A recent New York Court of Appeals decision, Lohan v. Take-Two Interactive Software, Inc. (NY 2018), at the same time expands and limits the right of publicity, which protects the rights of individuals (often celebrities) in the use of their name, likeness, and persona to promote commercial goods.
Celebrity Lindsay Lohan claimed that her right of publicity was infringed when video game maker Take-Two Interactive released an action-adventure video game name Grand Theft Auto V. The game includes a scene where a fictional character named “Lacey Jonas” is encountered, a celebrity whom the player helps escape paparazzi who are pursuing her.
New York’s highest court held that an avatar (i.e., a graphical representation of a person) in a video game could constitute a “portrait” of the person and thus theoretically infringe on the person’s right of publicity. But that court went on to uphold the dismissal of Lohan’s claim, because the video character was not recognizable as her – it was merely a representation of a “modern beach-going young woman” and thus did not infringe her rights.
Lohan provides valuable guidance for companies who use characters in their products or advertisements to avoid right-of-publicity claims.

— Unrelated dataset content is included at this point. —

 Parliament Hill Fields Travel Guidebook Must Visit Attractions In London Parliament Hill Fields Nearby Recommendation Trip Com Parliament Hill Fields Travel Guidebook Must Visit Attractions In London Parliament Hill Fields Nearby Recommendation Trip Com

That a character (or digital avatar) is not directly represented to be a celebrity will not by itself be a basis to avoid liability. Rather, a company needs to be careful to ensure that the character is not identifiable as a particular person.
Celebrity endorsements can be extremely lucrative – some celebrities have been reported to have made billions in such endorsements. Most jurisdictions recognize a common-law “right of publicity” – the right to use one’s personality for promotion of commercial products and services.

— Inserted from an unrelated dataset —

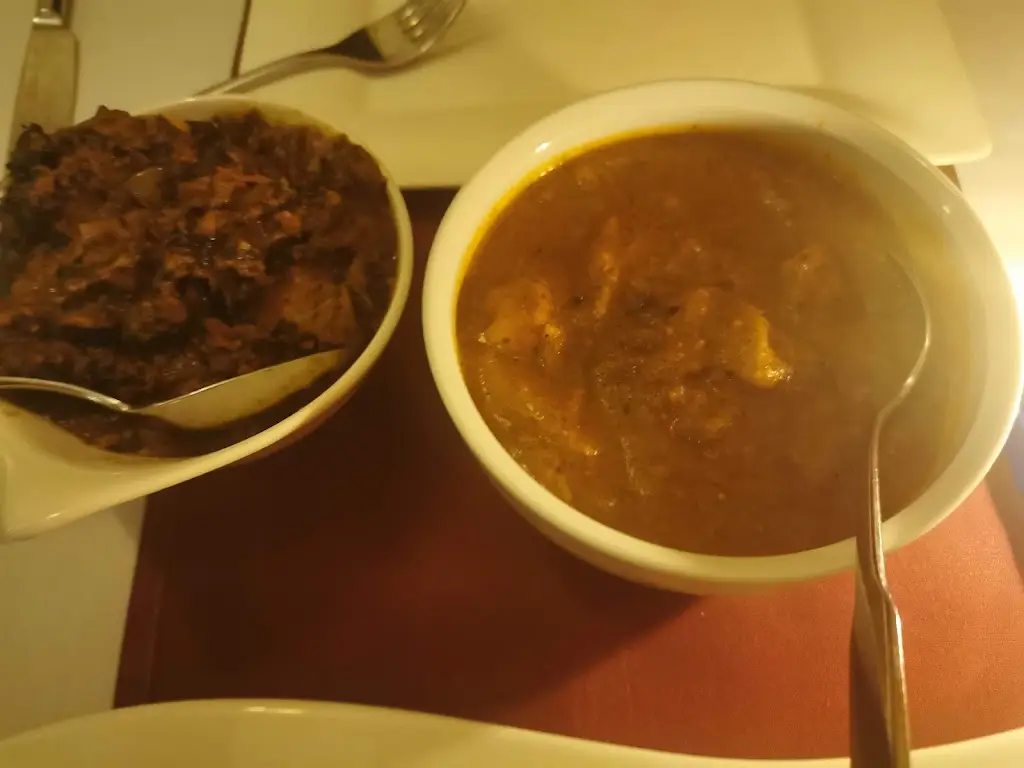 Menu_Friends Refined Indian Cuisine_Bishops Waltham_image_4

An exception, however, is New York – New York has rejected any recognition of that right as a matter of common law in the 1902 case Roberson v Rochester Folding Box Co. The New York legislature reacted by passing a statutory right, whereby“[a]ny person whose name, portrait, picture or voice is used within th[e] state for advertising purposes or for the purposes of trade without the[ir] written consent” may maintain a civil claim for damages. N.Y. Civil Rights Law § 51.

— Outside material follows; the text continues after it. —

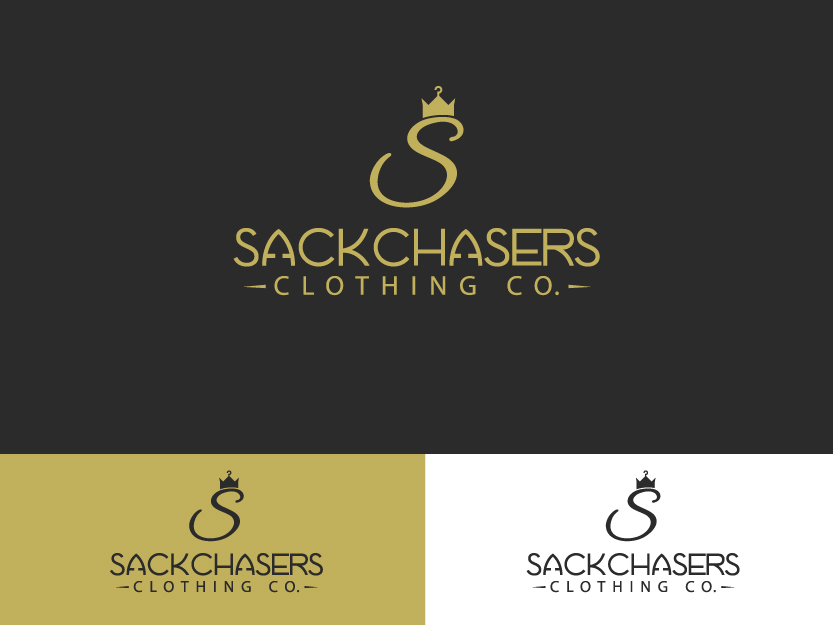 Design de Logo par supriyo bagh 2 pour ce projet | Design #21359724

In Lohan, the court first considered whether a digital image can be a “portrait.” It held that it can – even though such digital images did not exist when the statute was first passed shortly after Roberson. Nevertheless, New York generally interprets statutes to embrace future technology, and a digital image is no different than an artistic rendering which New York courts have long held can be a “portrait” under the statute.
The next issue is whether the digital avatar – a “portait” – was a “recognizable likeness” of the plaintiff Lohan. Usually that is a question of fact for the jury. But in this case, the avatar was so lacking in identifying features that the claim failed as a matter of law. Rather, the avatar merely depicted “a generic artistic depiction of a ‘twenty something’ woman without any particular identifying physical characteristics.” Such “indistinct, satirical representations of the style, look, and persona of a modern, beach-going young woman” simply do not depict a particular person, and thus do not give rise to a claim.
The court also noted that other statutory requirements – that the image be used in “advertising” or in “trade” – might also not be met, but declined to reach those issues.
Lohan should be contrasted with a well-known right-of-publicity case, White v. Samsung Electronics America, Inc. (9th Cir. 1992). There, Samsung commissioned and used an advertisement that depicted the famous game show, Wheel of Fortune. Instead of featuring hostess Vanna White, it featured a robot dressed up in a wig and dress to look like her. The robot then turned the letters on the depicted Wheel of Fortune show in the advertisement, just as Vanna White did in the real game show.
Applying California common law, the Ninth Circuit held that White had a right in her “identity” and that such was infringed because, taking all of the factors together (the dress, the wig, the jewelry, turning letters on a game show board) indicated that it was Vanna White whose identity was being depicted.
White was different for two reasons: (1) California does recognize a common-law right in a person’s “identity,” a vaguer term than the “name, portrait, picture or voice” required by the New York statute; and (2) the features in White clearly called to mind Vanna White, rather than the vague, generic beach-going woman depicted in the avatar in Lohan.
The lesson from these cases is that use of digital and artistic depictions might still raise issues of right of publicity – that is not limited to a photograph or video. But such portrayals will only infringe where the depiction is recognizable as a particular person.